Pipeline · DeepPVMapper

1.Pipeline Overview

DeepPVMapper is a deep learning pipeline, inspired by 3D-PV-Locator (Meyer et al., 2022), that detects rooftop photovoltaic systems from aerial imagery and characterizes them. It proceeds in two stages: polygon extraction, and characteristics extraction.

DeepPVMapper pipeline flowchart — Overview of the DeepPVMapper pipeline, from aerial tiles to a characterized PV registry

1.1Polygon Extraction

Aerial tiles are first divided into patches and passed through a classification model (Inception v3) that flags patches likely to contain a PV installation. Positively classified patches are then passed to a segmentation model (DeepLab v3), which extracts precise polygon boundaries for each detected system. This two-step classify-then-segment design keeps the pipeline computationally tractable at national scale, since the costly segmentation step only runs on the small fraction of patches the classifier flags as positive.
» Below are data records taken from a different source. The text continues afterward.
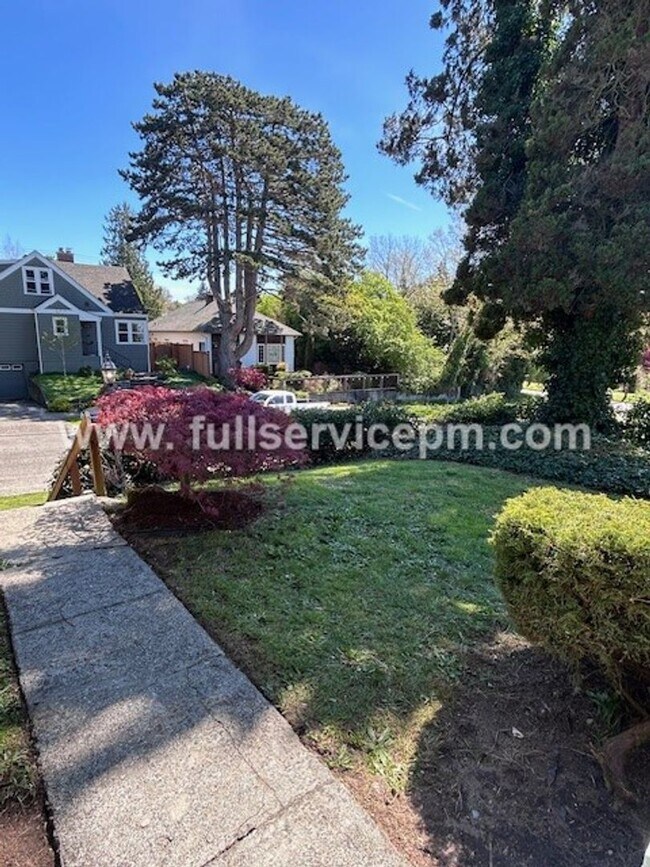Foto del edificio - Vintage 3 BD 2 BA Admiral Charmer! Huge Deck/Garage!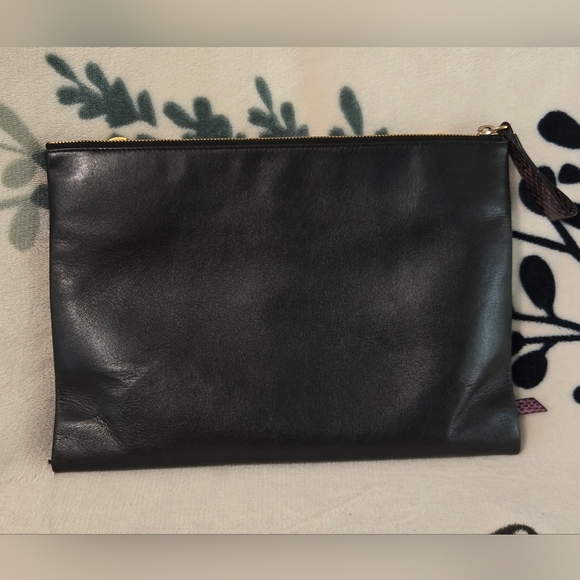 💯 Authentic Rare MCM Muti-Way Clutch (Made in Italy) - Picture 2 of 16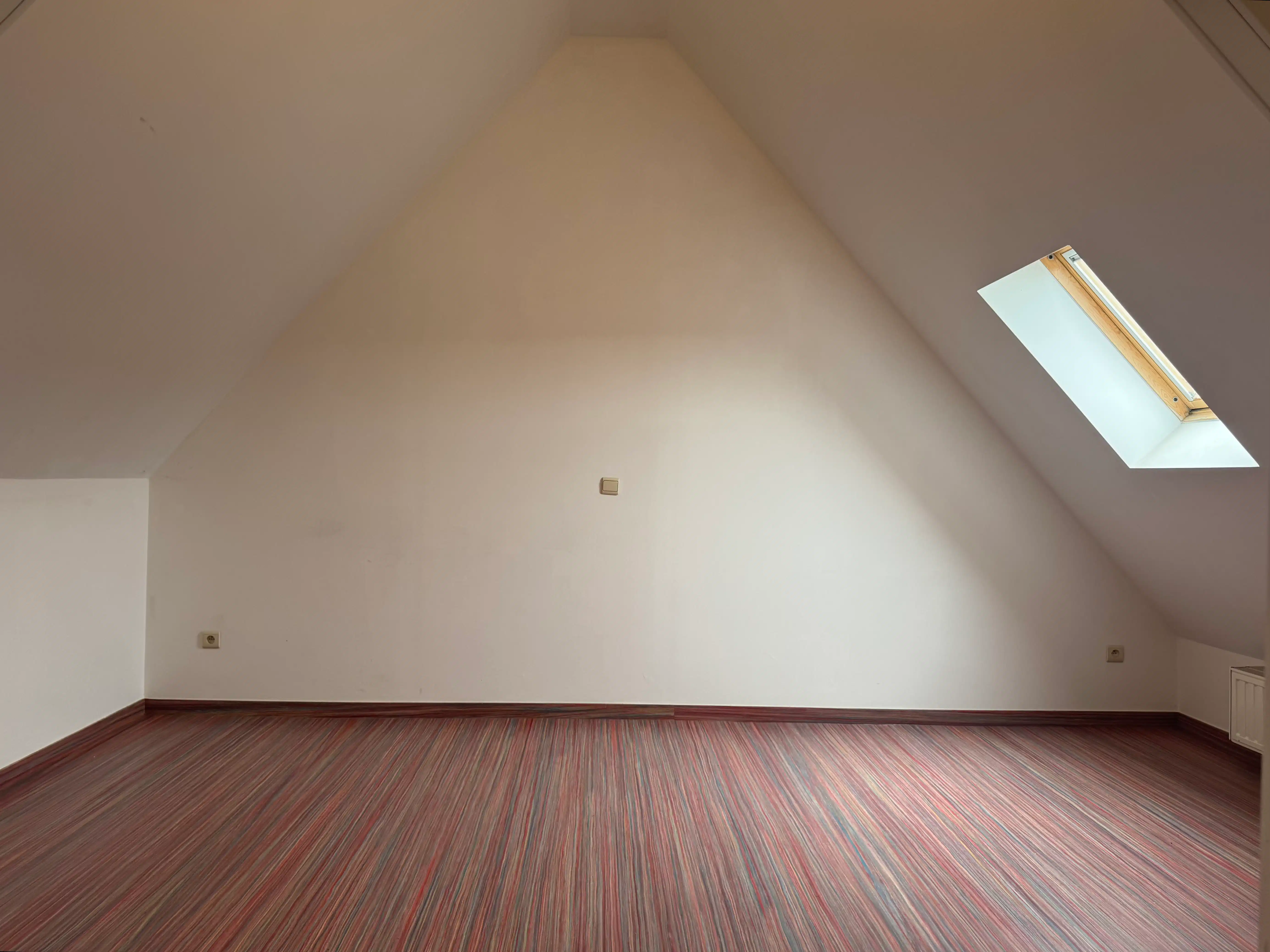 Ruim duplexappartement met tuinkamer en balkon op toplocatie foto 27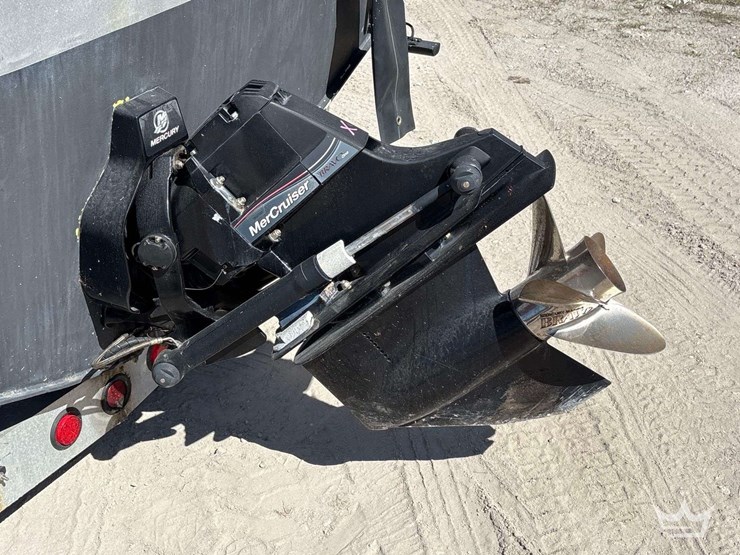 23ft.-zodiac-hurricane-inflatable-rib-with-2007-25ft-myco-t/a-aluminum-boat-trailer-image-6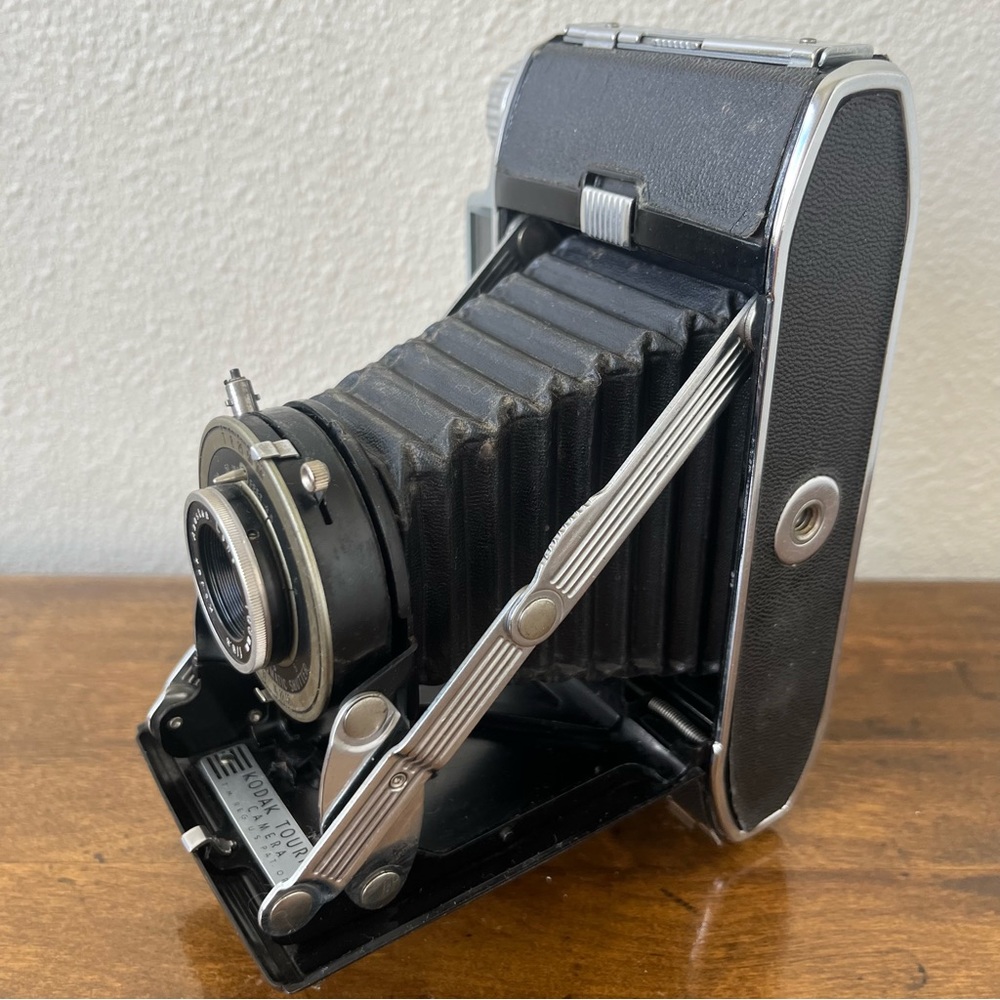 vintage Kodak Tourist Camera - Picture 7 of 10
1.2Characteristics Extraction

The extracted polygons are processed with pypvroof, a package developed for this project and published on PyPI, which estimates each system's surface area, tilt, orientation (azimuth), and installed capacity. Detections are then cross-referenced with BD TOPO®, IGN's national building database, in a cleanup & filtering step that (i) keeps only detections that sit on rooftops and (ii) merges multiple detections belonging to the same roof into a single system. The result is a clean, geolocated PV registry, with one entry per physical installation and its estimated characteristics.

2.Training

2.1Training Data

The models are trained on BDAPPV, a dataset of aerial images of rooftop PV installations in France and Belgium, with segmentation masks and installation metadata. Images are provided by two aerial imagery providers — Google and IGN — for a total of 45,733 images, making the dataset suitable for both segmentation/classification benchmarks and distribution shift evaluation across imagery sources. All images are 400×400 px PNGs, with binary PNG segmentation masks at the same resolution; the Google set is a superset of the IGN one, i.e. every IGN installation also has a corresponding Google image. For DeepPVMapper, since deployment runs on IGN's BD ORTHO® imagery, the models are trained specifically on the IGN subset (17,325 images, including 7,685 positive samples).

**BDAPPV dataset composition.** Kasmi et al., *Scientific Data*, 2023.
Provider	Images	Positives (masks)	Negatives	Note
Google	28,408	13,303	15,105	399 images excluded (no metadata entry)
IGN	17,325	7,685	9,640	–

Sample images and masks from the BDAPPV dataset — Sample images (IGN images) from the BDAPPV dataset.

2.2Training Results

The table below, reproduced from Kasmi et al. (2022), benchmarks the classification and segmentation accuracy of our models against comparable works from the literature. The ground sampling distance (GSD) indicates how detailed the imagery is — the lower the GSD, the more detailed the image. PV panels generally cannot be detected on images with a GSD greater than 30 cm/pixel.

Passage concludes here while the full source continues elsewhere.